Sem dúvidas, é curioso como a direção do episódio nos leva a considerar, por um lado, o significado metafísico de San Junipero como sendo um equivalente ao paraíso (o que, aliás, ardilosamente nos remete à música-tema do episódio, “Heaven is a place on earth”) e, por outro, o caráter sombrio e questionável dessa tecnologia. De acordo com estudos que analisaram relações humanas dentro de ambientes virtuais, as realidades virtuais tendem a promover o autoconhecimento e a ruptura de padrões sociais, muito porque diminuem os riscos de uma possível repreensão social e também garantem segurança física. No entanto, uma identidade virtual (o avatar), embora moldada para aparentar realidade, acaba por não responder igualmente a interações quotidianas. Nossa exposição física natural, bem como os limites sociais a que estamos submetidos, acabam por interferir não só em nossos comportamentos e respostas, mas também em como nos sentimos e como manejamos esses sentimentos.
Essa reflexão nos remete, inclusive, ao falecido marido de Kelly, que sentiu a perda de sua filha (a quem a tecnologia de San Junipero não pode ser ofertada, uma vez que não havia ainda sido lançada) e se recusou a fazer o upload de sua consciência na nuvem, optando pela morte. Essa decisão muito se baseou no fato de que a realidade virtual oferecia uma experiência que ele acreditava não ser verdadeira, e sim somente uma ilusão. Tal visão muito se refletiu nas atitudes de Kelly, para quem o programa, inicialmente, significava apenas uma forma de aproveitar seus últimos meses de vida.
E, por fim, o que há de mais doce no episódio foi também uma maneira bastante efetiva de se abordar um assunto que é, acima de tudo, político.
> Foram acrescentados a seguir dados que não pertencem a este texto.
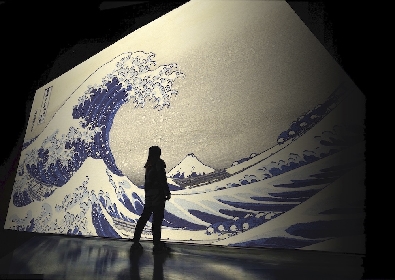 北斎、広重ら江戸時代の絵師による作品をデジタルアートで見せる『巨大映像で迫る五大絵師』　2021年夏に開催決定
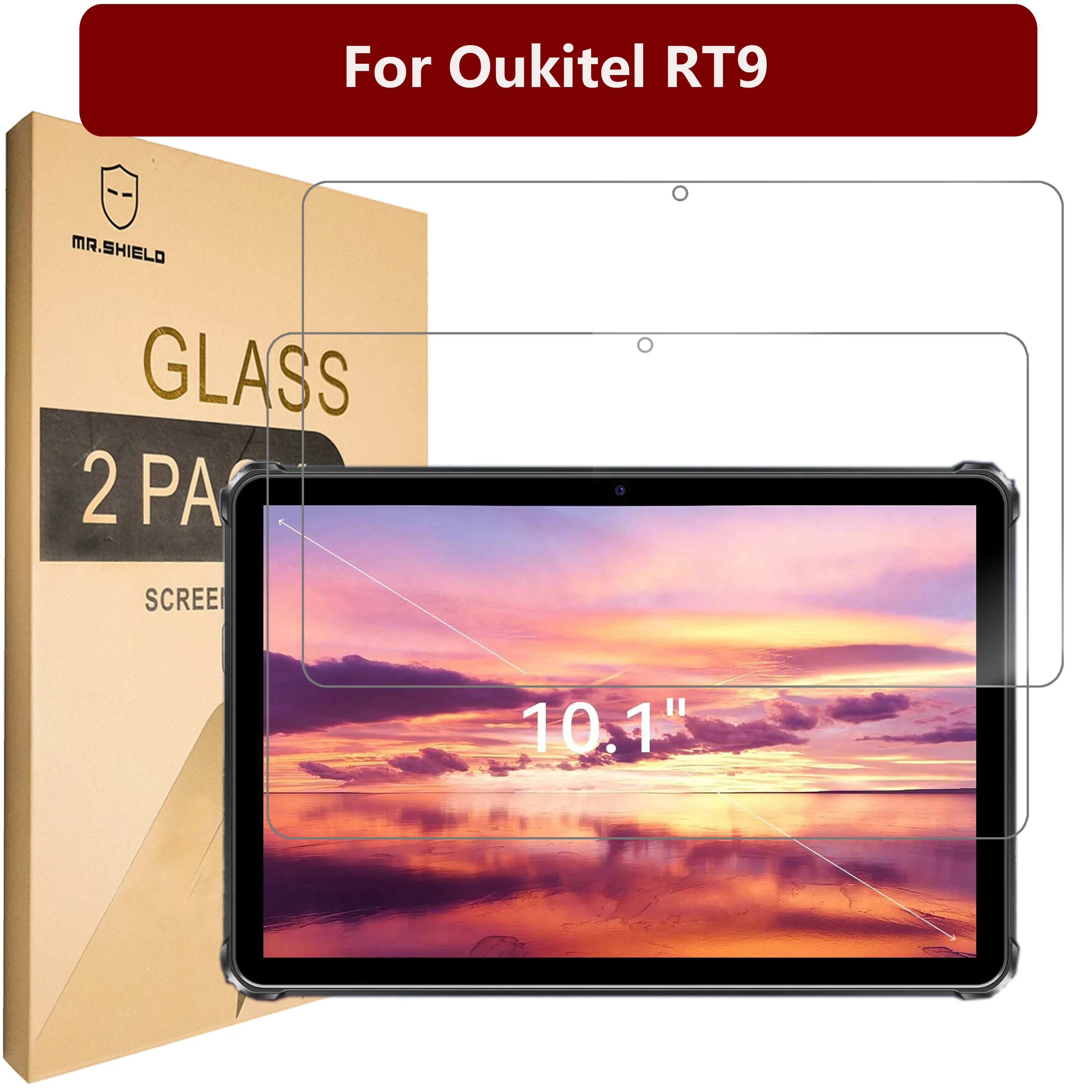 Protección de pantalla Mr.Shield para Oukitel RT9: Evaluación detallada y recomendación realista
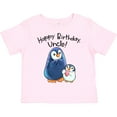 thumbnail image 3 of Inktastic Happy Birthday, Uncle- Cute Penguins Boys or Girls Toddler T-Shirt, 3 of 5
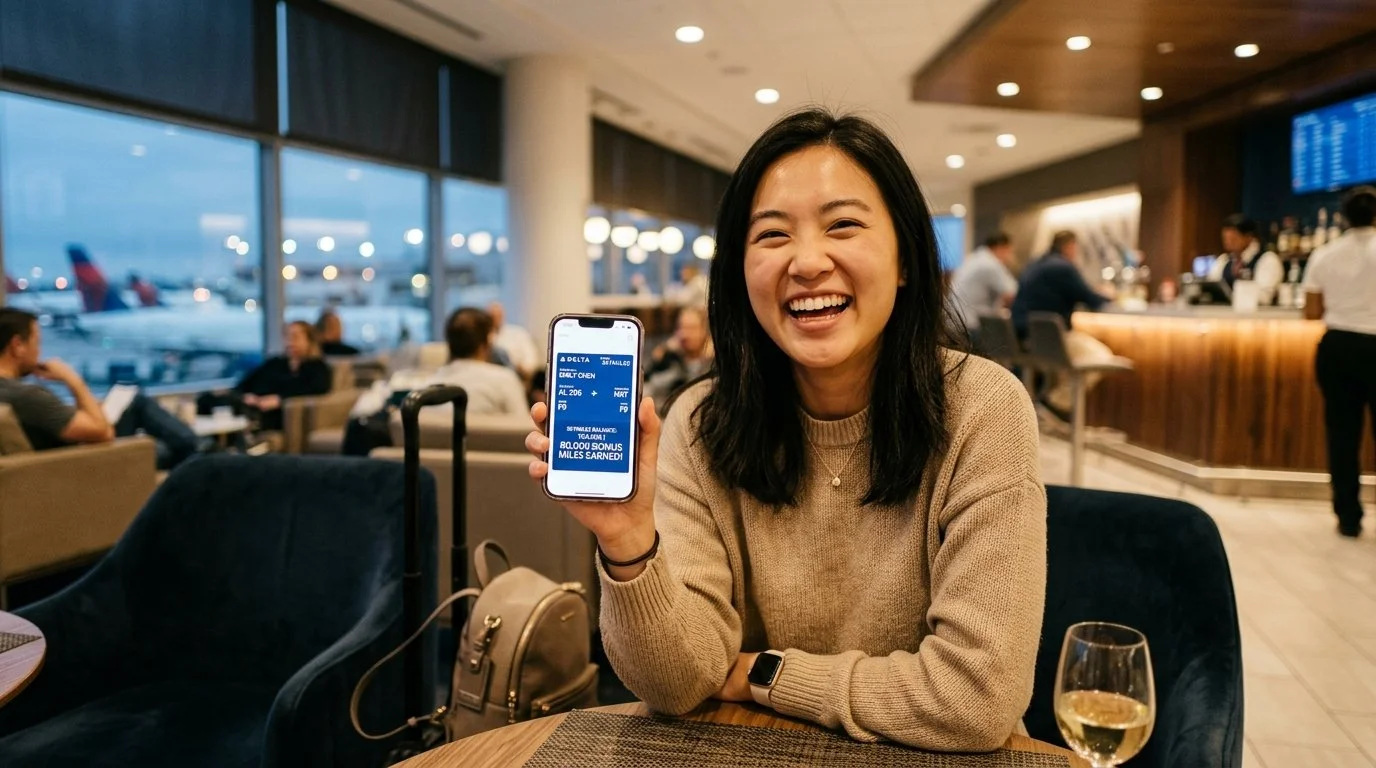 Delta SkyMiles Gold American Express Card 2026 welcome bonus up to 80,000 SkyMiles first-year value math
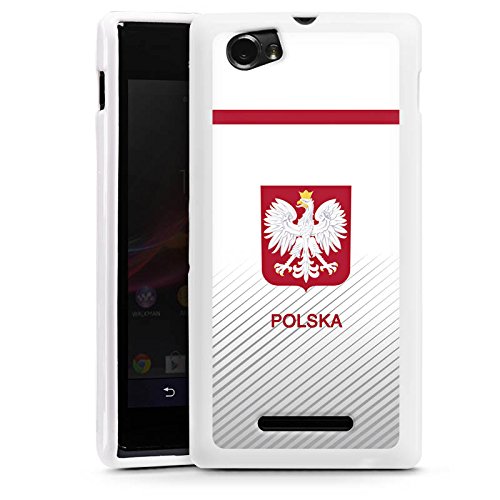 Sony Xperia M Hülle Silikon Case Schutz Cover Polen EM Trikot Fußball Europameisterschaft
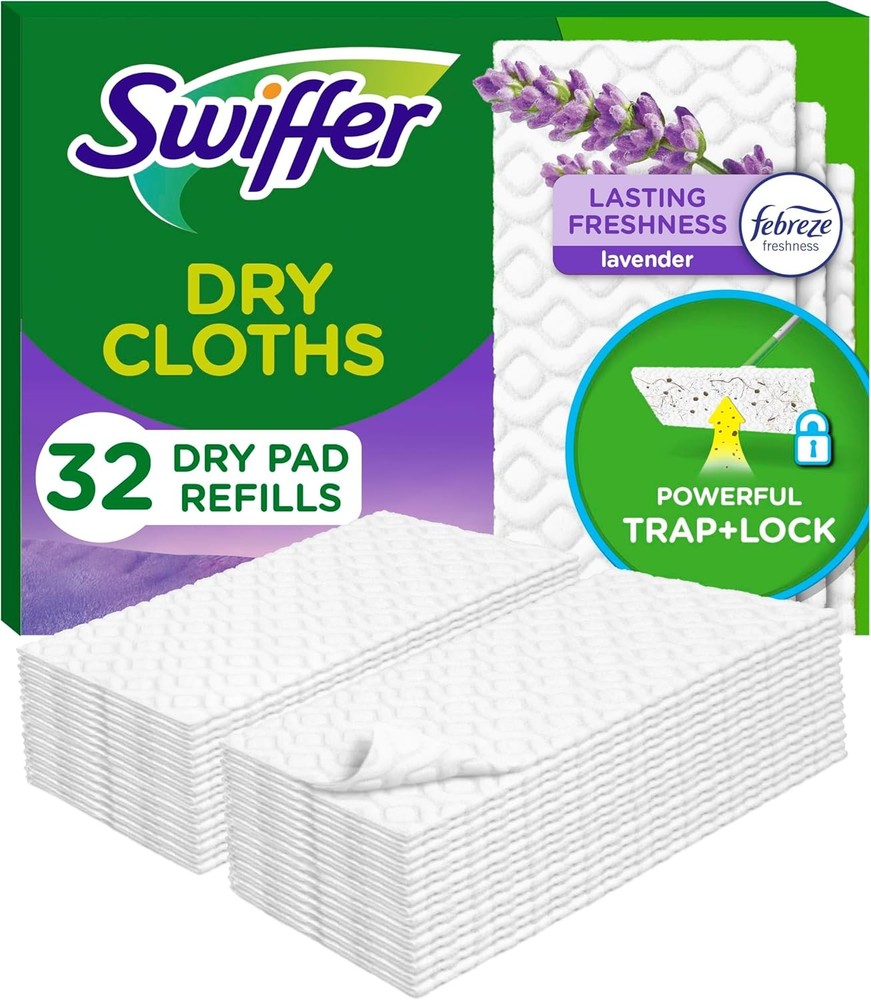Sweeper Dry Sweeping Pad, Multi Surface Refills for Dusters Floor
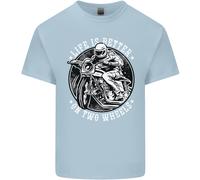 La Vita È Migliore Su Due Ruote Maglietta Per Bambini Ragazzi E Ragazze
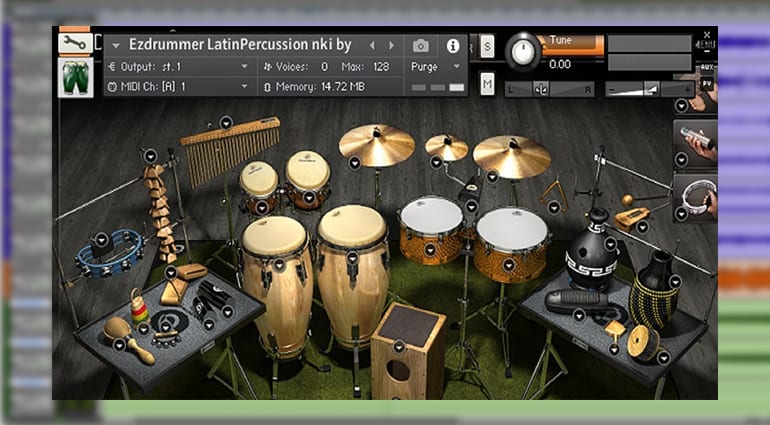 Toontrack latin cubain percussion ezx échantillon pack gui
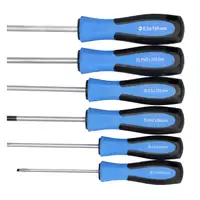 KS TOOLS Schraubendreher-Satz Kreuzschlitz PH Schlitzschraubendreher magnetisch 6-tlg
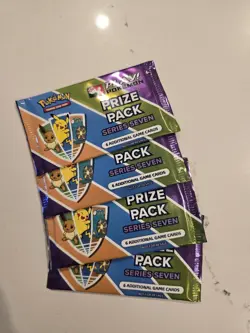 Pokemon TCG Play! Pokemon Prize Pack Series 7 Sealed x4 - Image 1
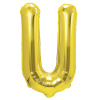 Party Zlatý fóliový balón písmeno U 40 cm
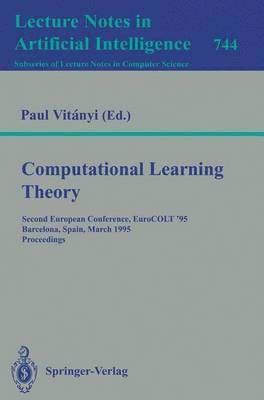 bokomslag Computational Learning Theory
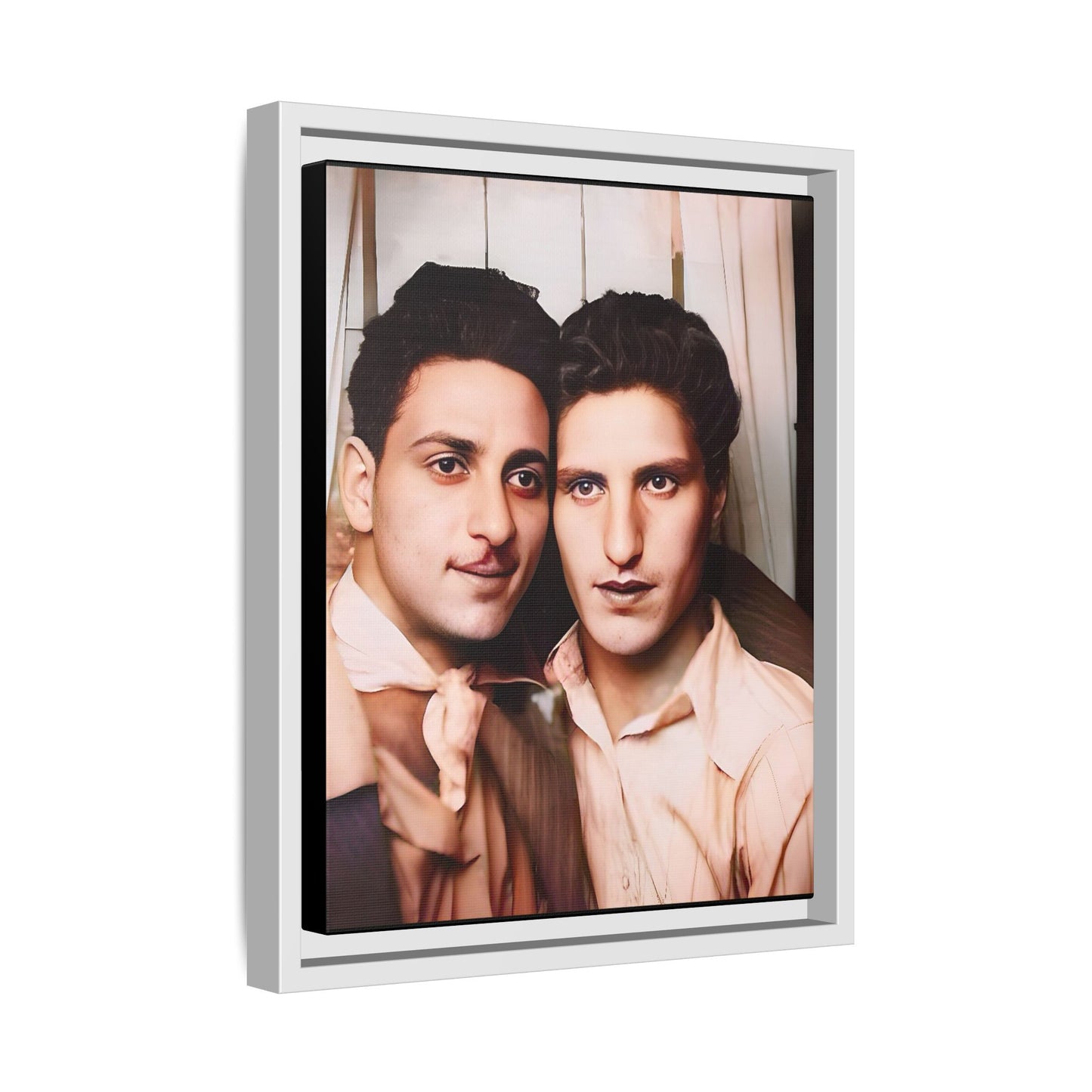 paire 029 | Framed Vintage Photo - Matte Canvas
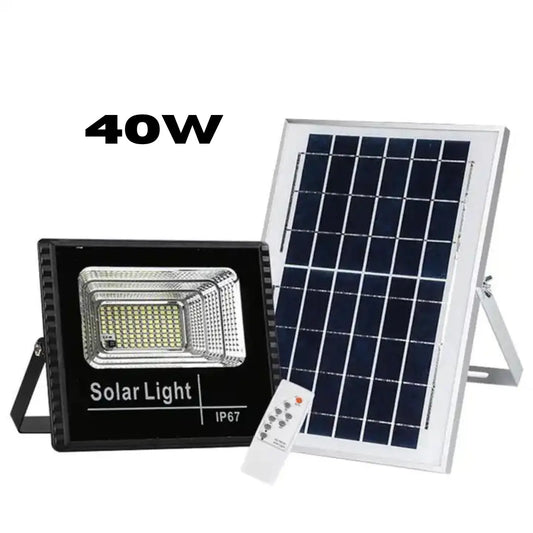 Green Light | Projecteur solaire LED 40W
O final feliz do casal de protagonistas, muito coerente com o que Giddens, Beck e Beck-Gernsheim denominaram “noção de relacionamento romântico”, que na contemporaneidade vai muito além da escolha particular de um único indivíduo, foi possibilitado, em parte, por uma brusca mudança de decisão de Kelly, que optou por permanecer com Yorkie em San Junipero. Sem dúvida que, em meio a um cenário composto, por um lado, de sub-representatividade e, por outro, de uma legião de personagens LGBTs quase sempre conduzidos à morte em produções tanto televisivas quanto cinematográficas, o final feliz (que, por inúmeros motivos, talvez seja questionável, mas não entraremos neste mérito aqui) de Kelly e Yorkie é muito bem-vindo. Ponto para “Black Mirror”.
Questionado sobre o porquê de serem as duas protagonistas do episódio um casal de mulheres, Brooker respondeu: “por que não?” De fato, o criador parece não ter intencionado, ao menos de início, discutir a questão da representatividade LGBT. Ele afirmou em uma entrevista: “Eu acho que é muito sobre a interpretação de Gugu [Mbatha-Raw, que interpreta Kelly] e Mackenzie [Davis, que interpreta Yorkie], mas você nem precisava pensar na sexualidade delas. Eram apenas duas pessoas apaixonadas”. No final, o episódio acabou por ser premiado até mesmo no GLAAD Media Awards, onde se saiu vencedor na categoria de “Outstanding Individual Episode (in a series without a regular LGBT character)”. Em outra entrevista, Brooker afirmou estar estudando a possibilidade do episódio ganhar uma continuação em futuras temporadas. A nós cabe torcer e esperar.